> [TASK REQUIREMENTS] Please transcribe the entries below exactly and leave out every picture.
### SOURCE DATA
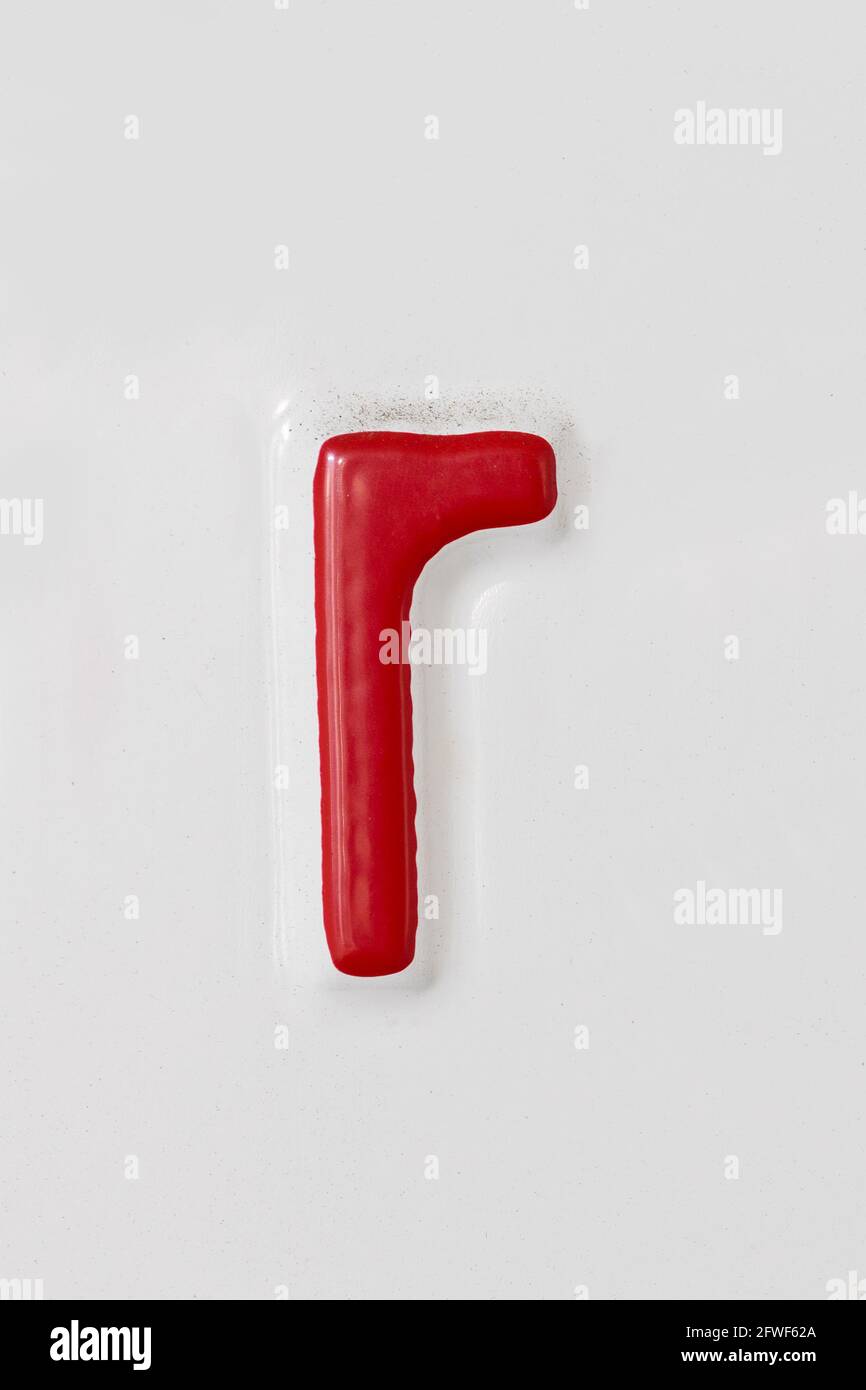 Geprägter roter Buchstabe r auf einem weißen Blechteller Stockfoto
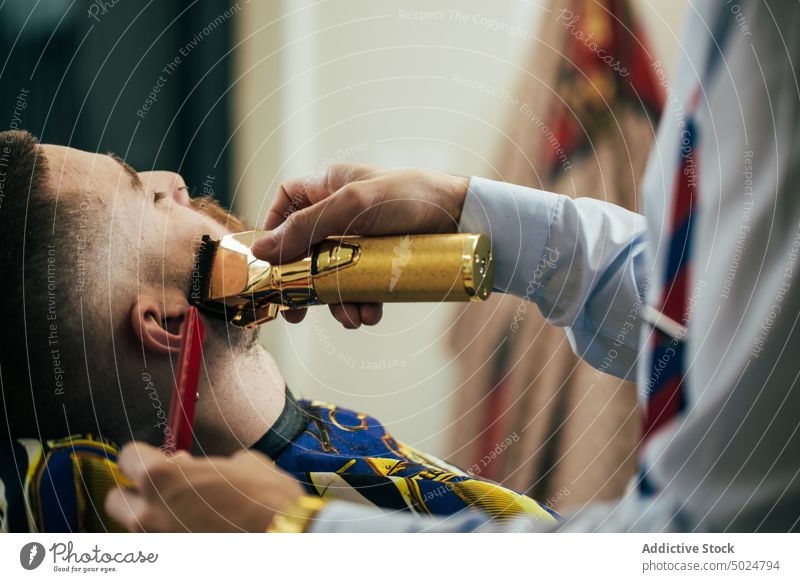 Friseur in einem Friseursalon Vollbart Schönheit Pflege Klient Schermaschine Kamm geschnitten elegant Behaarung Haarschnitt Hände Kopf im Innenbereich Lifestyle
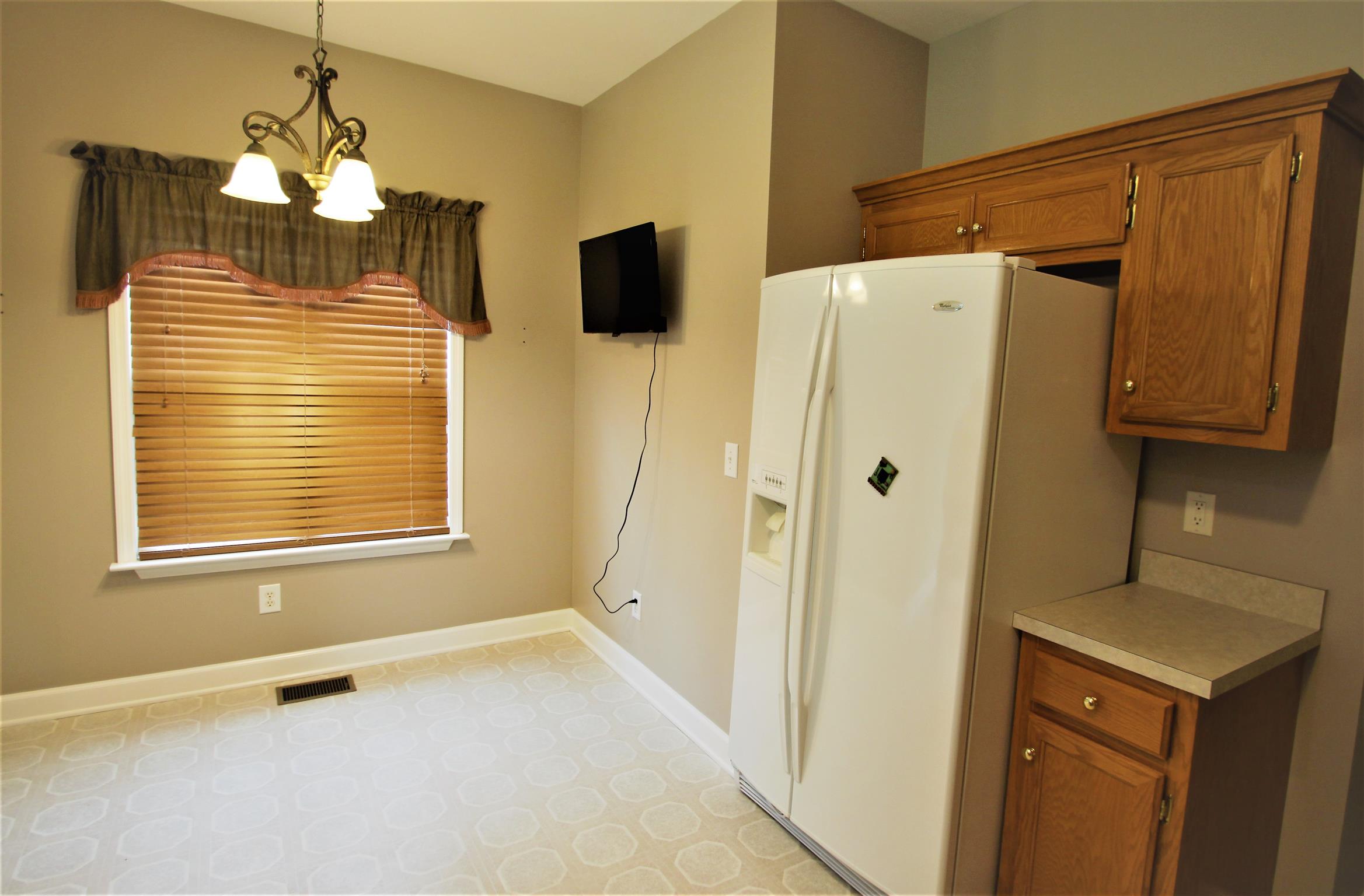 1013 Woods Ferry Road Lebanon, TN 37087 - Photo 12 of 20 a bathroom with a sink a mirror and a shower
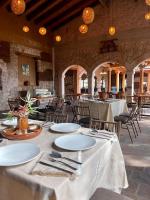 En restaurant eller et andet spisested på El Campirano Restaurante & Hotel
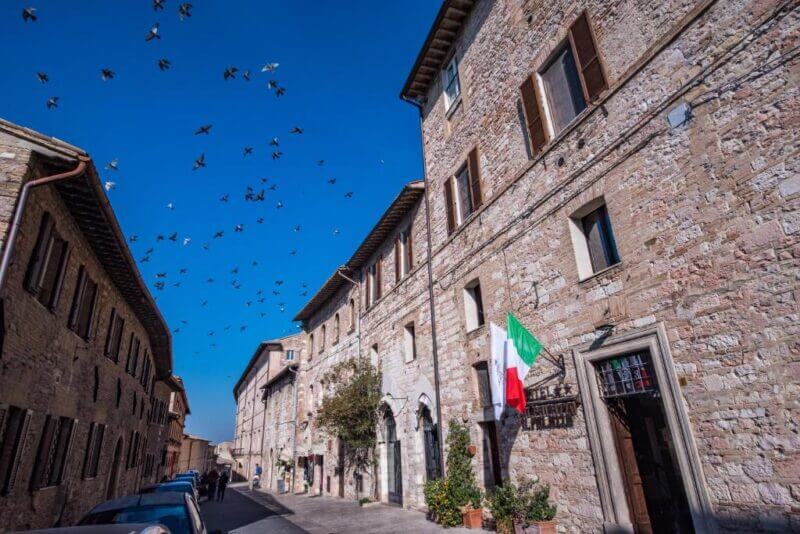 Stone buildings line a narrow street under a clear blue sky, with a flock of birds flying overhead and the Italian flag hanging from Hotel Il Palazzo Assisi.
######
> [THE ANSWER]
 Geprägter roter Buchstabe r auf einem weißen Blechteller Stockfoto
 Friseur in einem Friseursalon Vollbart Schönheit Pflege Klient Schermaschine Kamm geschnitten elegant Behaarung Haarschnitt Hände Kopf im Innenbereich Lifestyle
 1013 Woods Ferry Road Lebanon, TN 37087 - Photo 12 of 20 a bathroom with a sink a mirror and a shower
 En restaurant eller et andet spisested på El Campirano Restaurante & Hotel
 Stone buildings line a narrow street under a clear blue sky, with a flock of birds flying overhead and the Italian flag hanging from Hotel Il Palazzo Assisi.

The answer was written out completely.